Bow can also refer to a location. It’s a district in London where Ian McKellan lives and where Amy Winehouse used to call home. It’s an 1,100-person village in Devon, which is considered a ‘failed town’ because it never attracted enough trade to become a legitimate town. It’s a hamlet attached to Stanford In The Vale, which features the ruins of a Roman bathhouse. It’s a town in Kentucky that appears to be little more than a small group of houses. It’s a town in New Hampshire where hundreds of climate activists protested the local coal-fired power station last year. It’s a community in Washington state which features an old-timey steam-powered train folks can ride at Christmas. Bonus: the train is on the property of a guy with the delightfully affable name of Diz Schimke. It’s a river that cruises right through the middle of Calgary, and also a high-rise office tower in that city’s downtown.
Are any, or perhaps all of those more exciting to celebrate than the bow you’d tie around your neck or stick in your hair? That’s up to the celebrator, I suppose. Honestly, we were fine with just bowing to our dogs.
National Potato Day
With over 5,000 varieties of potato on the planet, there is plenty to celebrate here. The potato is probably the most versatile food, inasmuch as it happens to be a key ingredient in so many dishes that we love. It’s the perfect side dish: you can mash them, bake them, roast them, scallop them, chip them, tot them, hashbrown them, and French-fry them. It can star in the middle of your dinner plate, in dumpling or pancake form. And in a pinch, you can throw them at your enemies. No one wants to take a potato to the head.
To find the earliest domestication of the potato you’d have to head all the way down to southern Peru as far back as 8,000 BC. Because of its flexibility and potential, the potato has become a staple food in cuisines all over the globe. Where would Russia be without the mighty potato? Certainly not deep in a love affair with vodka.
Our word for potato (which is “potato”) comes from ‘patata’, the Spanish word. For whatever reason, the French call them ‘pommes de terre’, or ‘apples of the earth’. I hope this doesn’t mean the French bite into them like they would an apple, but I can’t say for certain. If you are bold enough to devour the leaves and stems that push out from the ground above a growing potato, you could be setting yourself up for a long night of vomiting and pain. Keep in mind that nightshade is a not-so-distant cousin to the glorious spud.

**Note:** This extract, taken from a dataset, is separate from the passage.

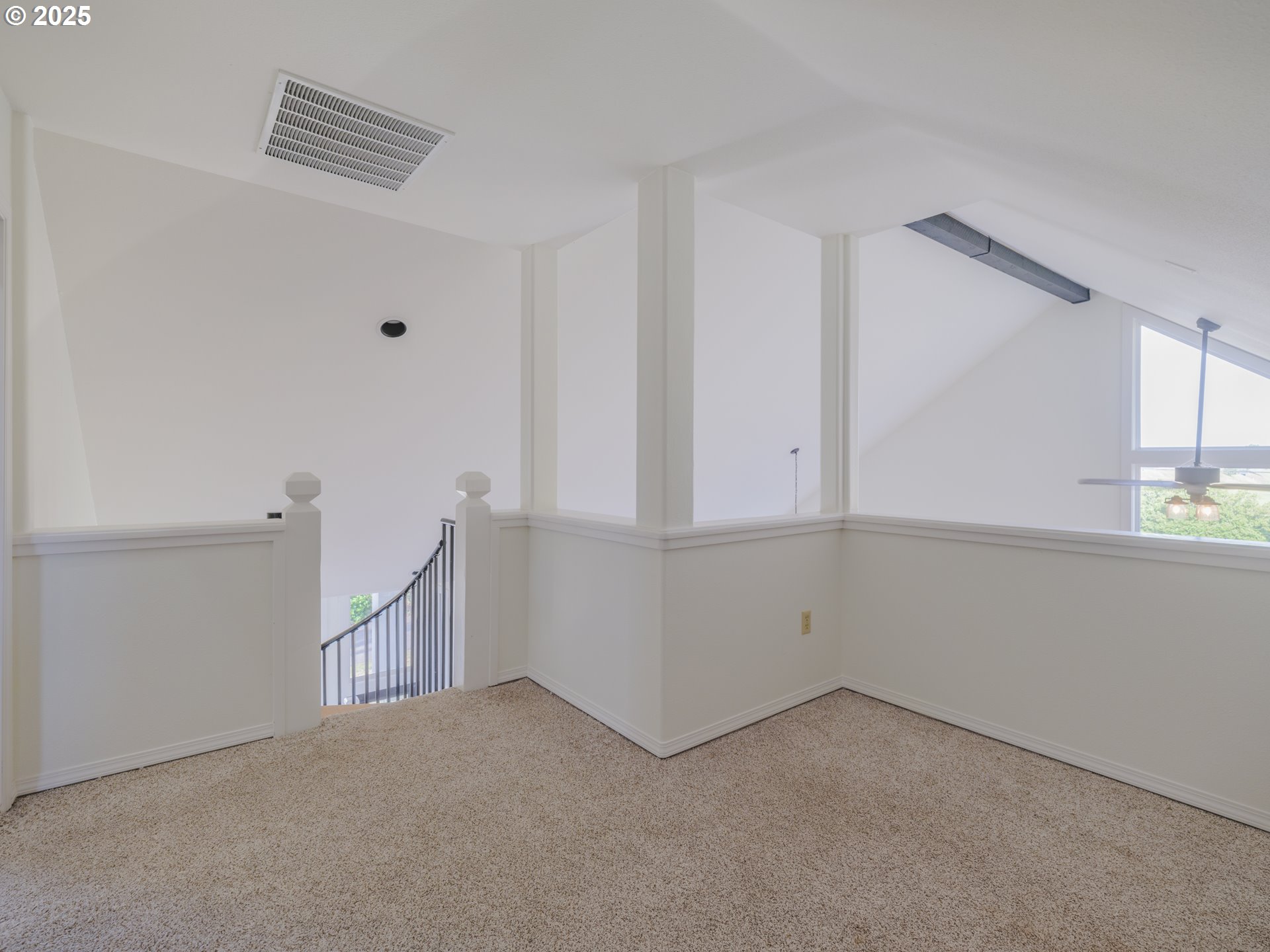 33340 Sunset Beach Road Warrenton, OR 97146 - Photo 28 of 48 a view of an empty room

According to at least one study, with a couple of glasses of milk a day you could live off of nothing but potatoes. I’m not sure if there are enough varieties of potato foods to keep that interesting, but it’s good to know. Just in case.
We didn’t do anything too extravagant with our potatoes yesterday, as it was still too hot to have the oven on for any length of time. But we had some great fries and mashed potatoes with dinner – the perfect way to praise the beloved potato.

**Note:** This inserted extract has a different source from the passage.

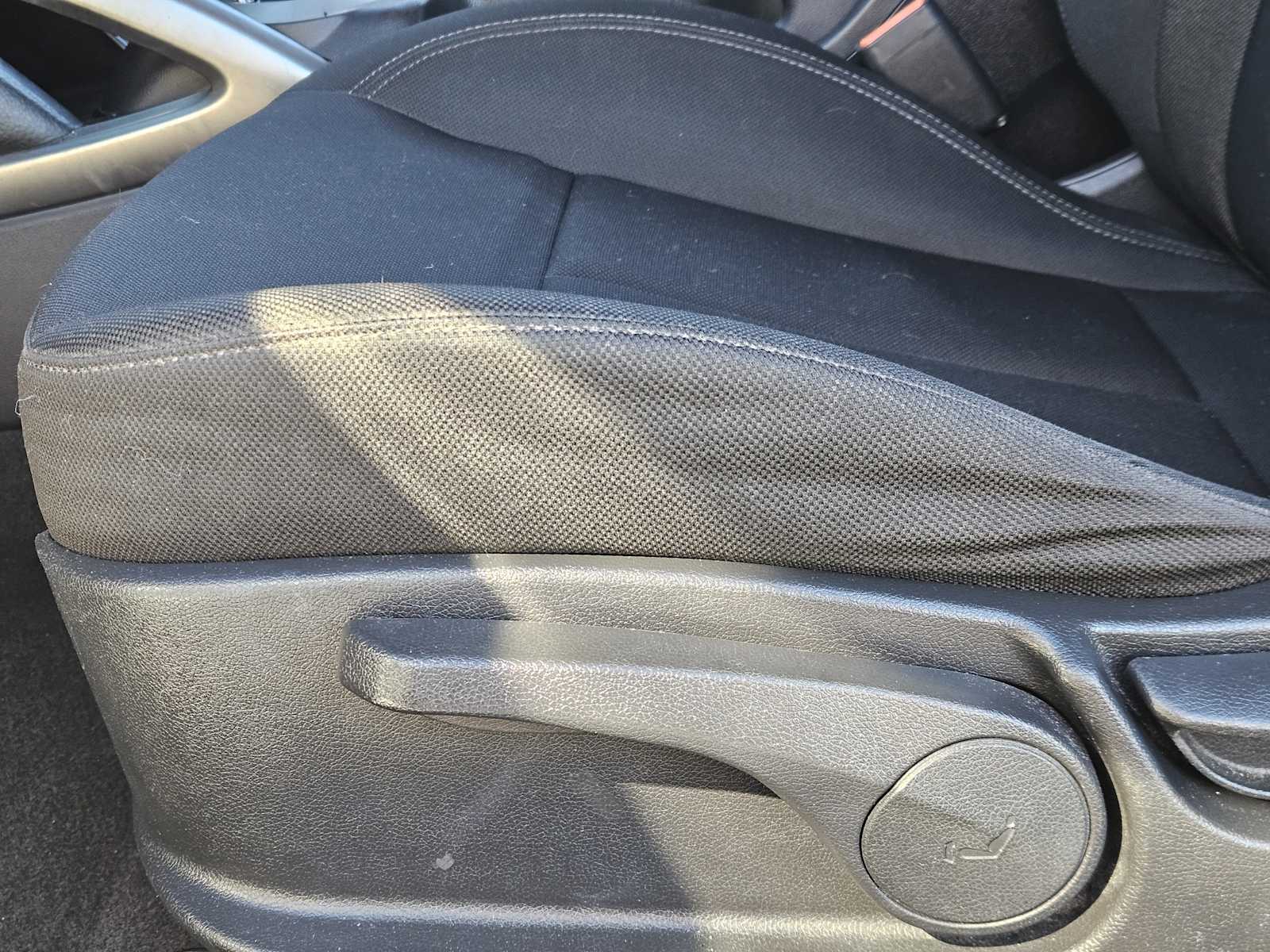 Thumbnail: 2017 Hyundai Veloster - 22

International Orangutan Day
Imagine my frothy delight at clicking on redapes.org, a prominent website for the conservation and protection of orangutans, and seeing a big shiny button that read: ADOPT NOW. I can adopt an orangutan? Images of sitting on the couch, watching football with my orangutan buddy (I’ll call him Boba Fett), popped into my head. I’d buy a motorcycle, just to have a sidecar he could ride in. We’d cut an album of Hall & Oates covers. This is the dream.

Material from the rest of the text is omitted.